Proplacenticeras Temporal range: PreꞒ Ꞓ O S D C P T J K Pg N Late Cretaceous

Scientific classification
- Kingdom: Animalia
- Phylum: Mollusca
- Class: Cephalopoda
- Subclass: †Ammonoidea
- Order: †Ammonitida
- Family: †Placenticeratidae
- Genus: †Proplacenticeras Spath, 1926

= Proplacenticeras =

Genus of molluscs (fossil)

Proplacenticeras is a discoidal ammonite from the lower part of the Upper Cretaceous and precursor of the overall similar Placenticeras.

The shell is compressed, with flat or slightly convex sides and narrow flat venter, with or without slightly conical umbilical tubercles, ventrolateral clavi and crescentic ribs on outer part of sides.
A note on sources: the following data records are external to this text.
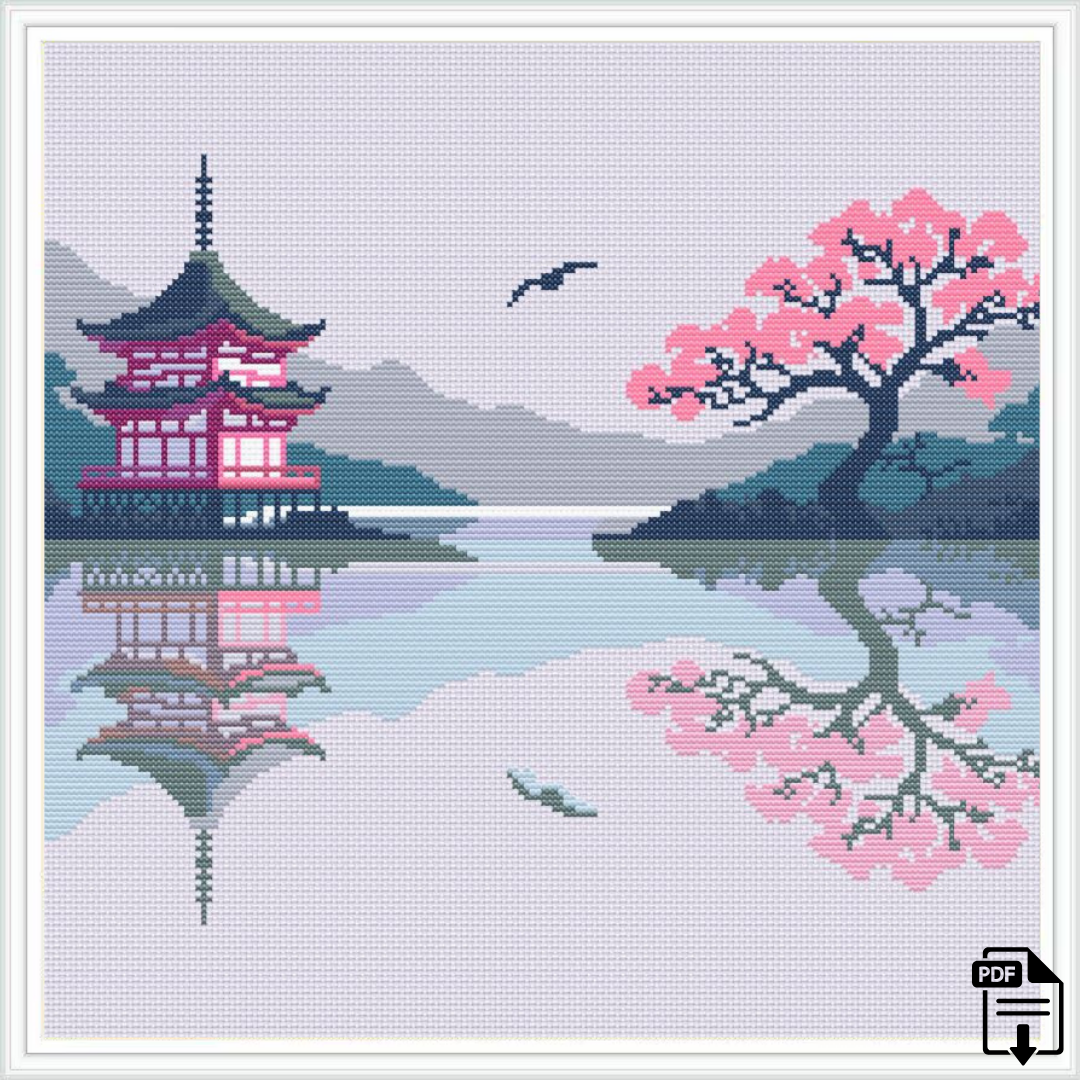 Patrón de Punto de Cruz "Sakura Serenity" - CrossGuidetPatterns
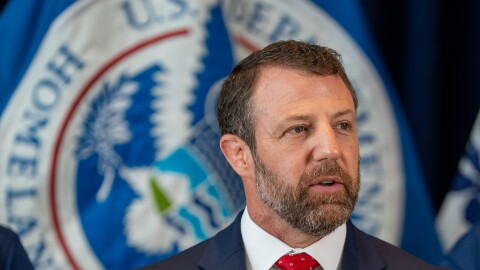 Department of Homeland Security Secretary Markwayne Mullin speaks during a news conference Wednesday, July 1, 2026, in New York. 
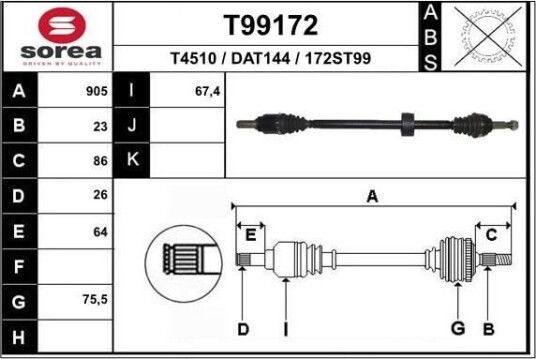 EAI T99172 Drivaksel EAI T99172 Drivaksel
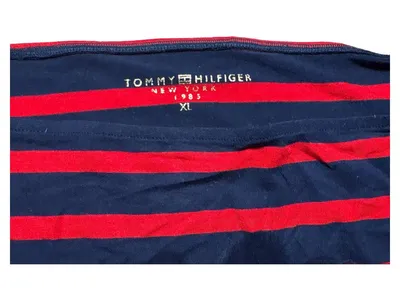 Tommy Hilfiger Damen Langarmshirt Blau Gestreift Maritim Gr. XL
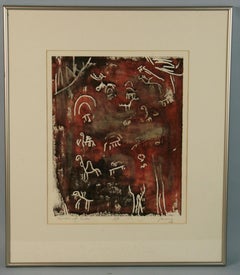 Abstract Lithography Cave Drawings 1960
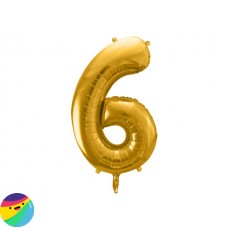 Folija balon - Številka 6 Zlate barve Folija balon - Številka 6 Zlate barve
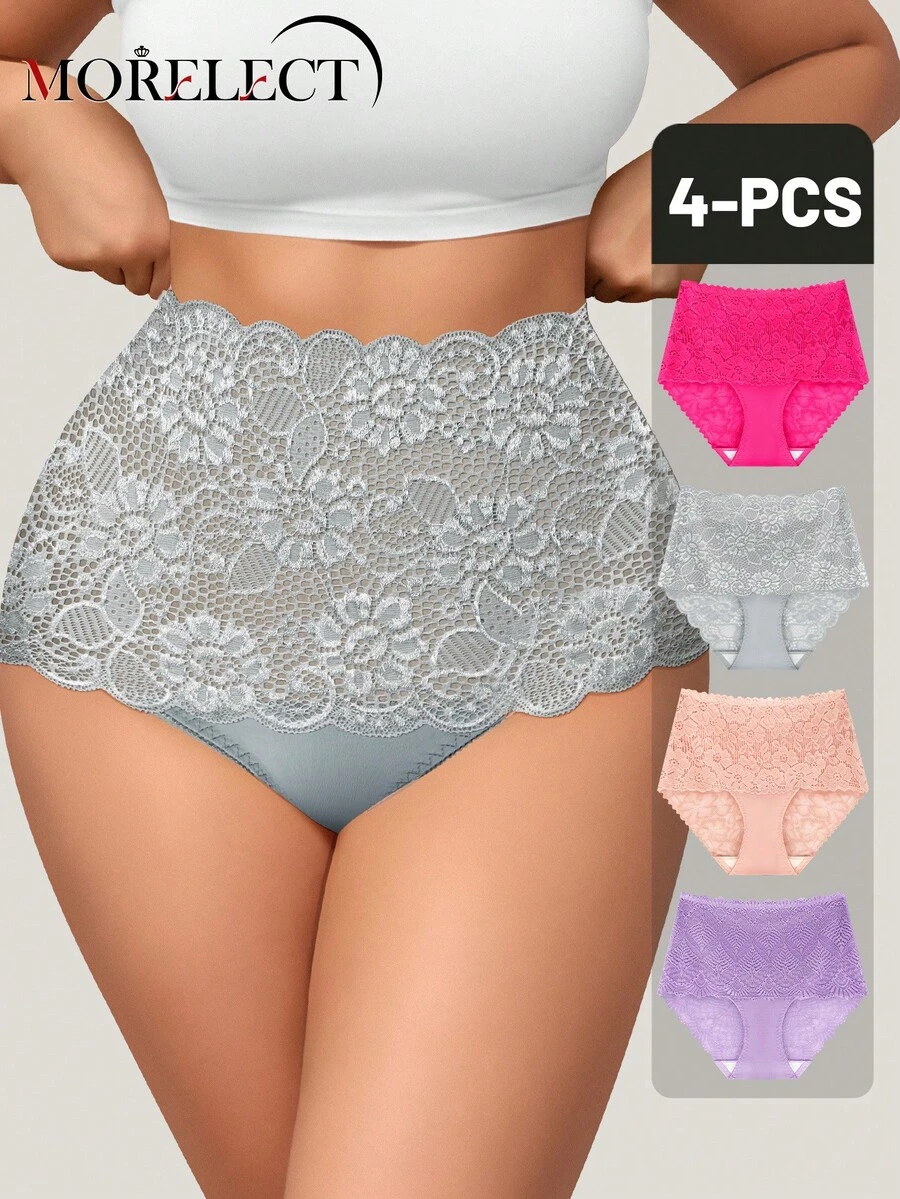 Morelect 4pcs/Pack Women Plus Size Lace Panties, High Waist Tummy Control Sexy Daily Underwear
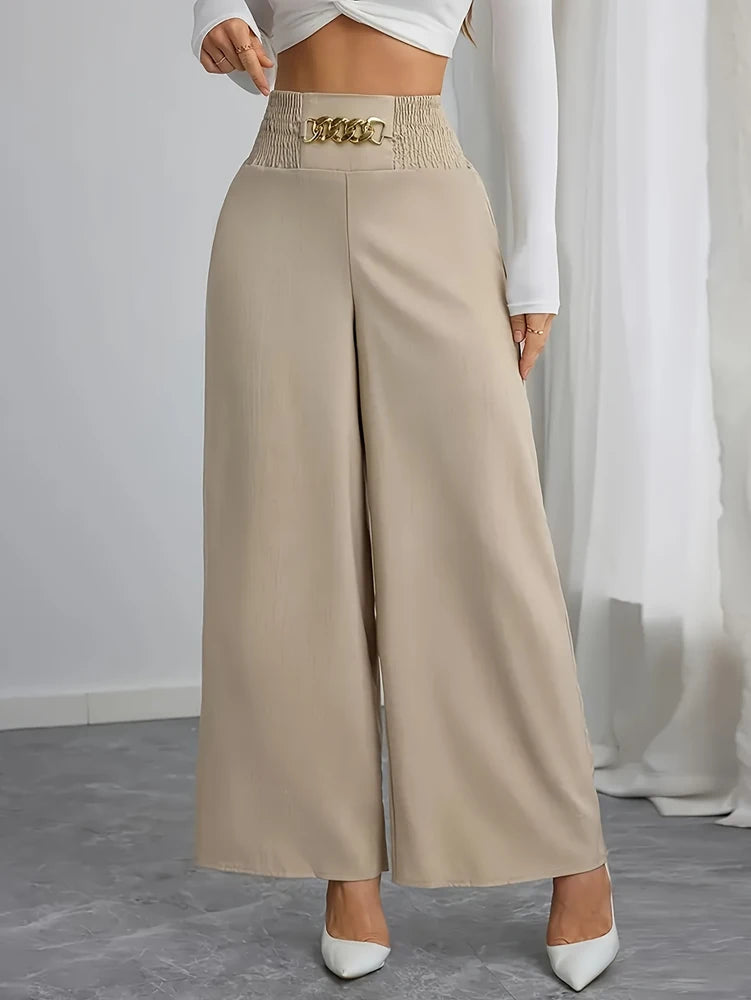 Plus Size Women's Casual Wide Leg Pants with Drawstring Waist and Pockets for Beach or Everyday Wear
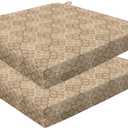 Honeycomb Outdoor Essentials Set of 2 Square Seat Pads, 19 x 19, Courtyard Geo Almond Dining Chair Cushions for Patio Furniture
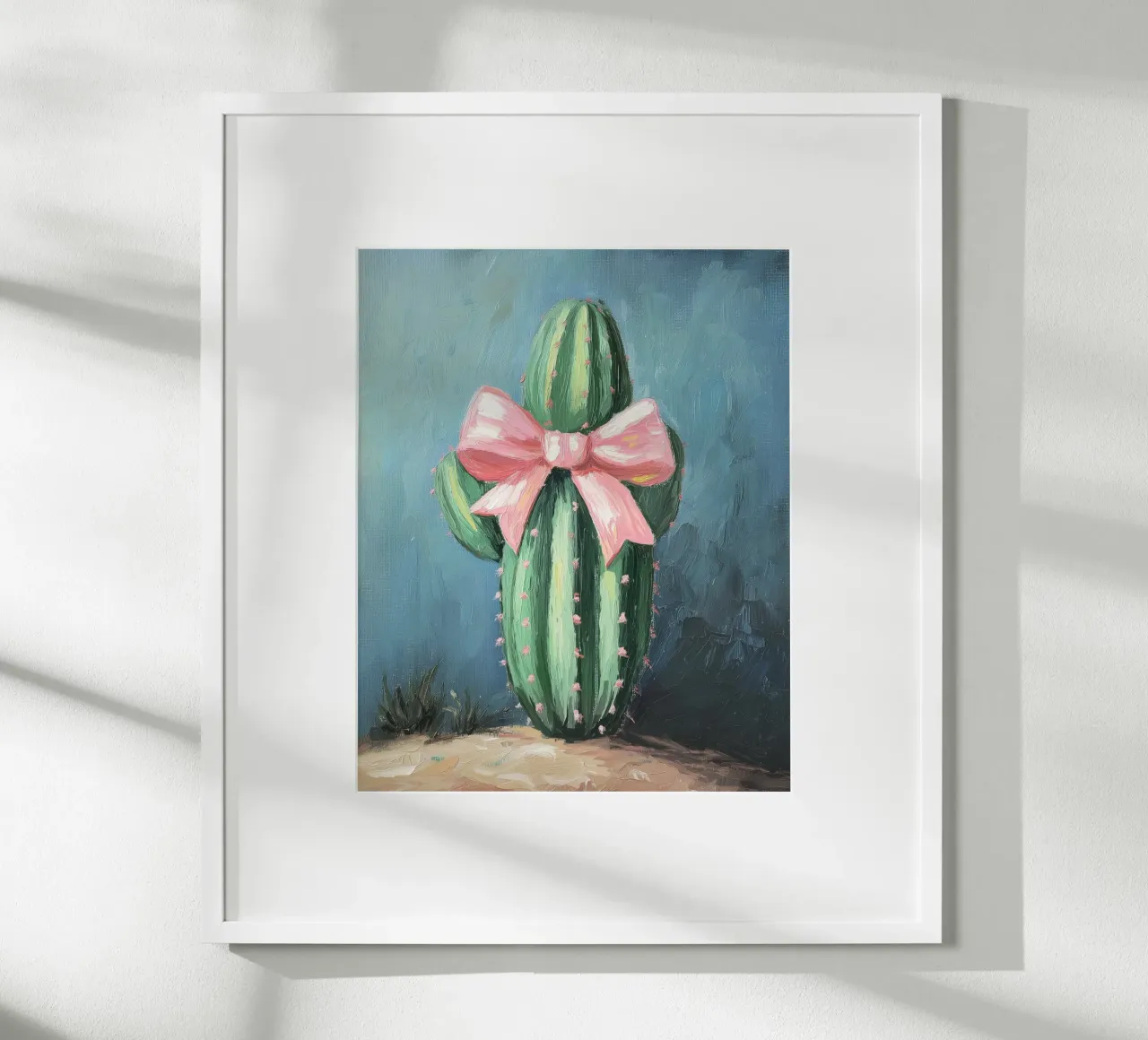 Cactus rosa Bow Boho Botanical Tropical Succulent Greenery poster con telaio in alluminio da Gentle Echoes Art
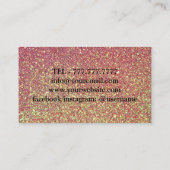 Luxe roze Glittery Nail Pools Visitekaartje (Achterkant)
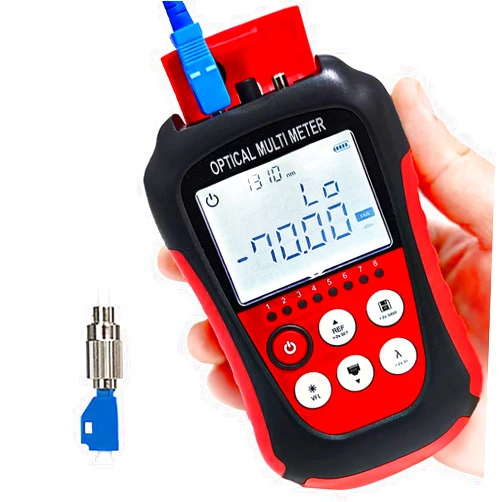 D YEDEMC Fiber Optic Cable Tester Portable Optical Fiber Power Meter FC/SC/ST Universal Interface Fiber Tester Built-in 2Mw Visual Fault Locator (OPM-VFL-4)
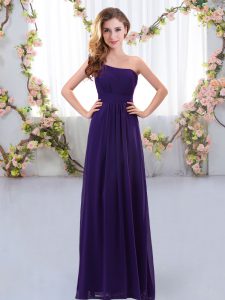 Purple Zipper Quinceanera Dama Dress Ruching Sleeveless Floor Length
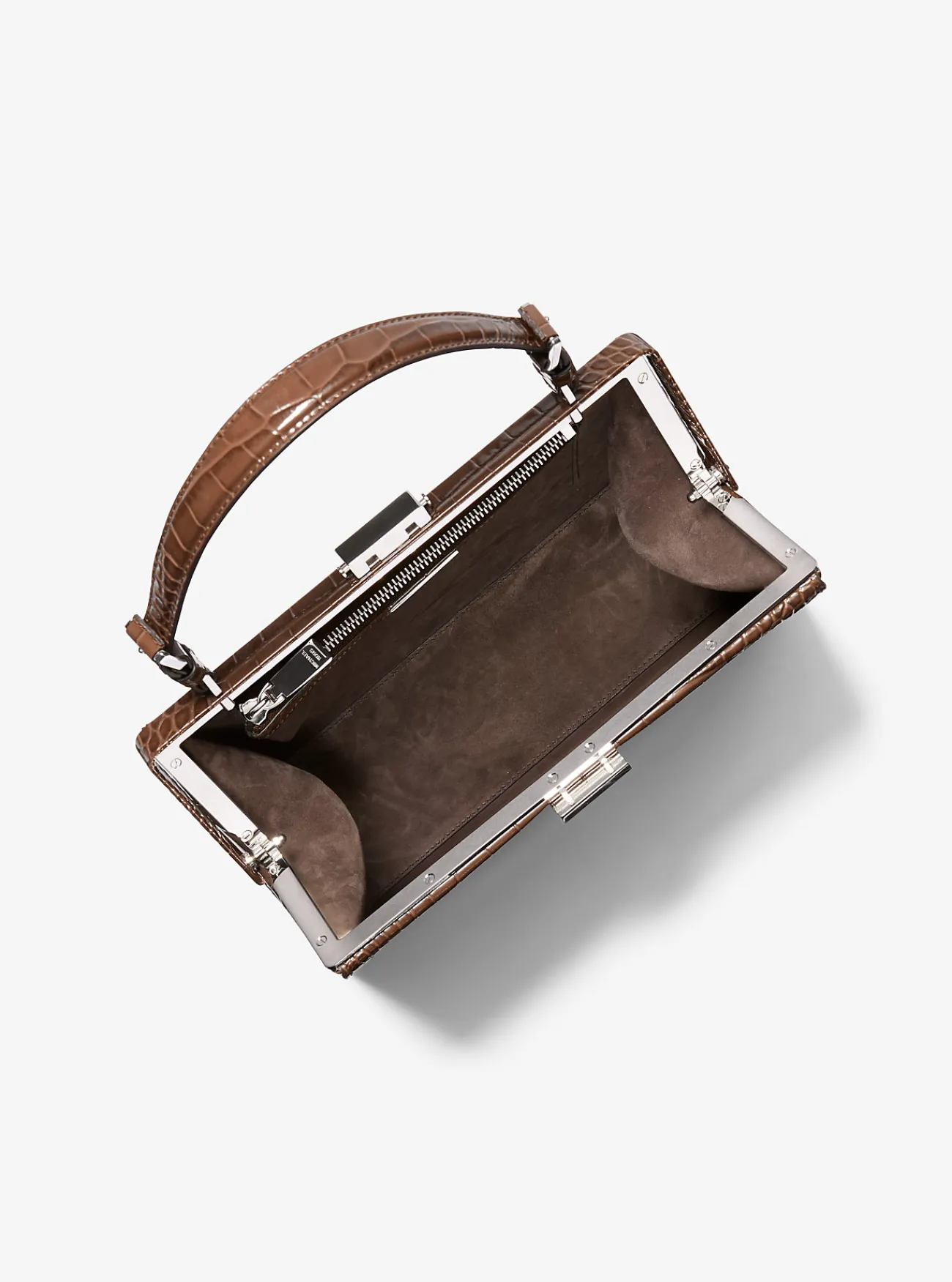 Michael Kors Tas Simone van leer met krokodillenprint in reli&euml;f CACAO Online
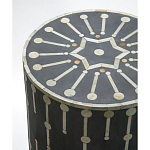 Приставной круглый столик с инкрустацией Mandika Bone Inlay Gray варинант исполнения - 1 | Loft Concept в Москве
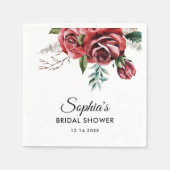 Elegante Marsala Rote Rose Rustikales Brautparty Serviette (Vorderseite)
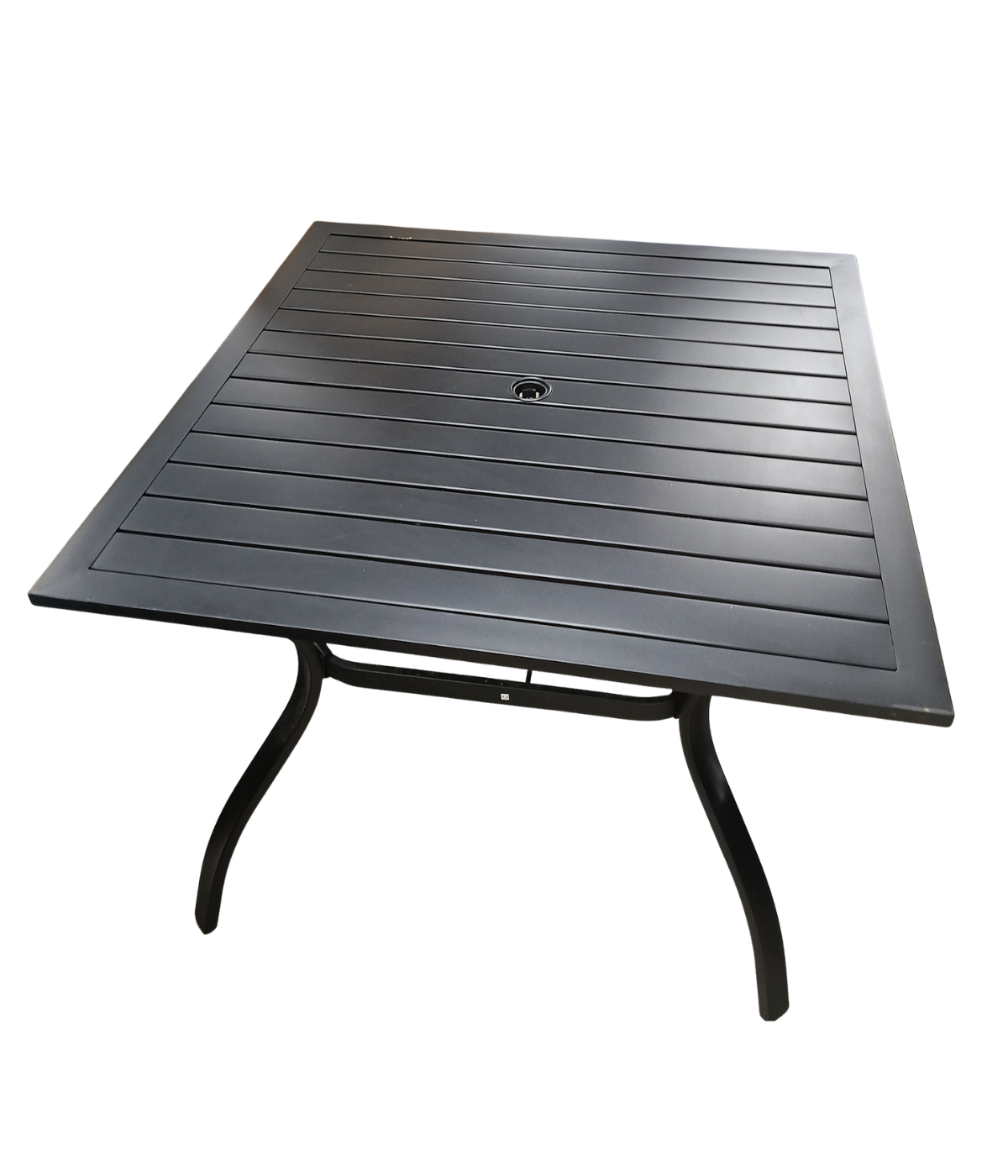 Heavy-Duty All-Metal Slat-Top Patio Table (Black)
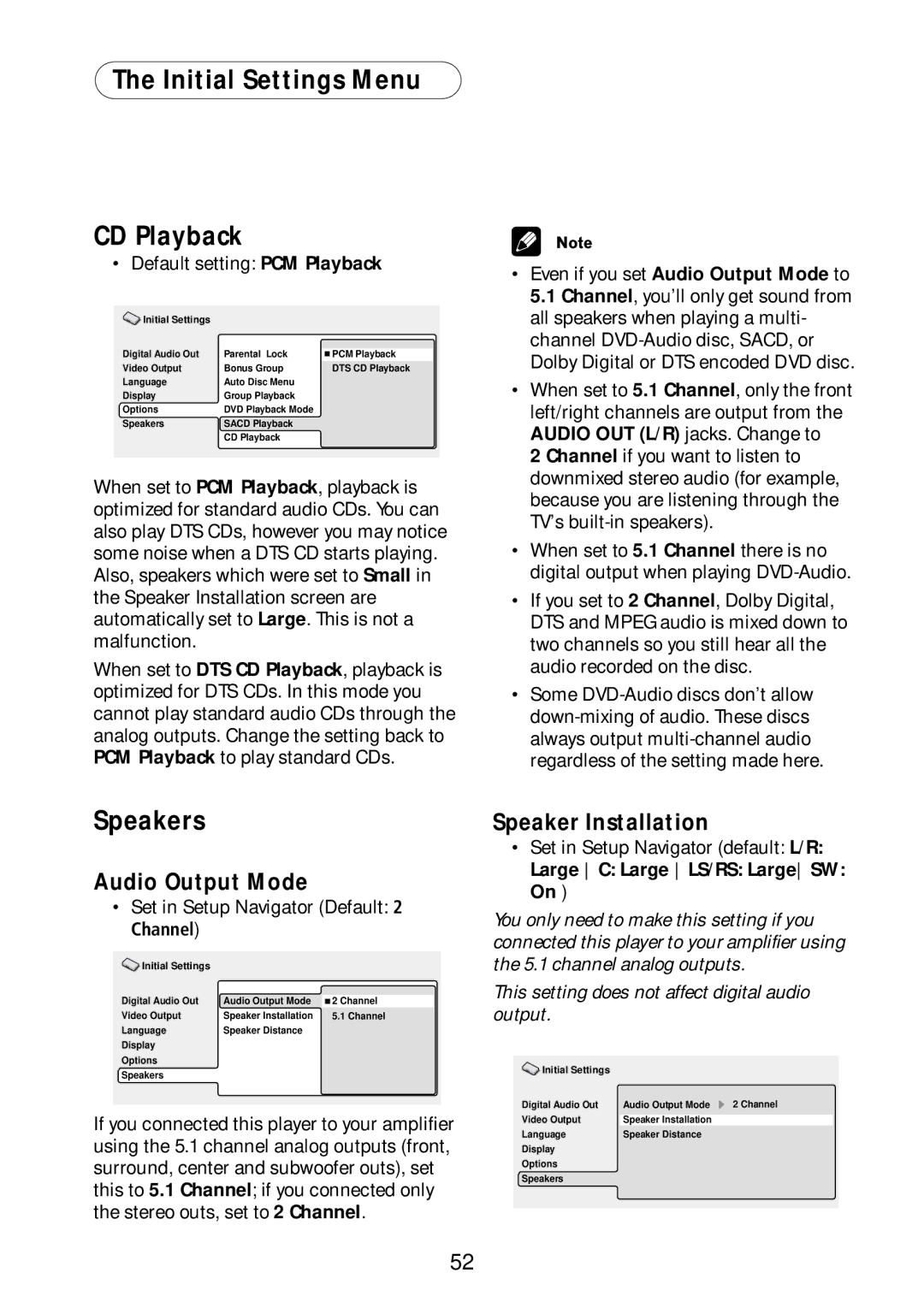 Bel Canto Design PL-1A manual Initial Settings Menu CD Playback, Speakers, Audio Output Mode, Speaker Installation 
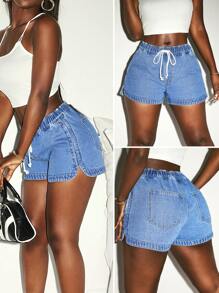 Slaydiva Shorts vaqueros de mujer con cintura con cordón - Azul lavado medio - Ver 1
Sutures are with fewer auxiliary elements than on latter Placenticeras.

Species in sequential order, starting with the oldest, include P. sutherlandbrowni, P. stantoni, P. pseudoplacenta, P. fritschi and P. kaffrarium; sometimes identified as Placenticeras.

Proplacenticeras has a fairly wide distribution and is known from the western United States and Canada, Mexico, France, Spain, Angola, Israel, Madagascar, India and NE Central Asia.